To continue the value theory discussion in light of Marx's writing in the Grundrisse, I could try and attempt a longer thought with more thorough comments, but I'll keep it short and just say: correct me if I'm wrong:
The fact that labor power can produce more than its value is not due to some magical properties, but boils down to the historically attained level of productivity of labor. If productivity were such that every adult would have to spend all day (minus sleep) to gather enough food just to survive (this is equivalent to the situation where the product of labor is equal to the value of labor power), there would be no surplus product. Capitalism, and class society in general, would be impossible. However, humans must have reached a level of productivity allowing for some surplus product pretty early in their (pre)history. Since value is defined as "congealed", "objectified", "abstract", social (human) labor, Marx's theory of value is a theory about how human labor is regulated in a commodity-producing society. It's a social theory, to put it bluntly, about how people act. Marx saw the apportioning of human labor as the central, ever-present task for all societies. Social labor is what makes the social world go around. So he set about constructing a theory that explains how it works in capitalism. It could be expected that the central concept of that theory would be about... human social labor.

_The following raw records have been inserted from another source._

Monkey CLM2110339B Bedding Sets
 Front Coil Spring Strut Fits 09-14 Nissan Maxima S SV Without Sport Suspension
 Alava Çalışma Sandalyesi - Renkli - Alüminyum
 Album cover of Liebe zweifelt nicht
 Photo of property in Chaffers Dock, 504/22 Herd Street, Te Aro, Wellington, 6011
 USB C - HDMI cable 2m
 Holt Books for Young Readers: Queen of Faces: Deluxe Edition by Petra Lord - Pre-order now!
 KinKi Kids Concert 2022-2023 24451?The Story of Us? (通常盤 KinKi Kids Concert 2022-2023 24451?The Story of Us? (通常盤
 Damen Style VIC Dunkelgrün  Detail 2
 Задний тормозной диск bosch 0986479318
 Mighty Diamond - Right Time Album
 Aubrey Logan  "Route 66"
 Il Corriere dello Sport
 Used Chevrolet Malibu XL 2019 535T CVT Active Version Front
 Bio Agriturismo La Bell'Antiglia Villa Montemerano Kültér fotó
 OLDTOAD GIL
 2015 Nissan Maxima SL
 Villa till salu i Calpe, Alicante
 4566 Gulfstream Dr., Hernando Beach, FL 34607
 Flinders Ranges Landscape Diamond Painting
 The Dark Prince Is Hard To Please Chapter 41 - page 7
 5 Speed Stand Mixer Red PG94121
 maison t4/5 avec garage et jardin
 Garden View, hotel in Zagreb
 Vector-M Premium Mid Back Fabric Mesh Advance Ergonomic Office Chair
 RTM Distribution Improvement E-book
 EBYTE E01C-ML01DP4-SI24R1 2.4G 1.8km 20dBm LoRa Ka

It is (abstract) human social labor that creates value, while the operation of a machine or the activity of an animal doesn’t and/ or can’t. Just one caveat, for good measure, human concrete labor is certainly not the substance of value: it is abstract labor. Abstract labor didn't always exist; there have always been things with the property of being human social labor, some kind of concrete labor. That category is transhistorical and discussed e.g., by Aristotle. Abstract labor is quite different, i.e., a historical formation of concrete labor. The proposition arises within a theory of the different forms of social re-production, or social labor. In the specifically capitalist social (production) relations, just as most any work in any period takes the form of a work, a product, so here the "private", "abstract", latently-social labor instantiated in alienated work trapped in capitalist production relations takes the form of (the product’s) value.
Now, the question is: why that in capitalism human social labor takes the form of value? The general answer is, because of the (historically specific) division of labor typical of general commodity production. Capitalism is premised on atomized, private producers (that don't produce according to a preexisting social plan, nor are they directed by a higher authority. They produce whatever they want, throw it at the market, and then wait whether it will be recognized as socially useful and as part of total social labor (and to what quantitative extent). If it is, this is a signal to go on producing. If it isn't, it's a signal to switch branches or go bankrupt. This is extremely simplified but still understandable, I hope. Whereas in a non-capitalist economy, human labor is directly social (it is apportioned prior to the fact of being set in motion); in capitalism, the private labor only becomes recognized as social through the market. So the apportioning of human social labor in non-capitalist societies is done "ex ante", while in capitalism it's "post festum". The market gives signals and social labor is apportioned based on them.
So, human social labor has always and will always exist -- "the calorie is life's basic unit", etc., etc. In pre-capitalist societies, concrete labor is directly social. This because of how these societies function. There is an authority or a plan or a tradition that apportions human labor. However, human social labor takes the form of value, i.e., of an apparent property of things, in systems based on a private divison of labor. In these systems, concrete labor is not directly social. It is rendered social through exchange. So, for human labor to be producing value, you have to have a particular social division of labor. Other forms of "labor" (operations of machines, activities of animals) can't be value-producing, because they're not human labor. This means that only until the revolution happens, we're stuck with the value theory of labor (which is a much more fitting name for Marx's theory than "labor theory of value").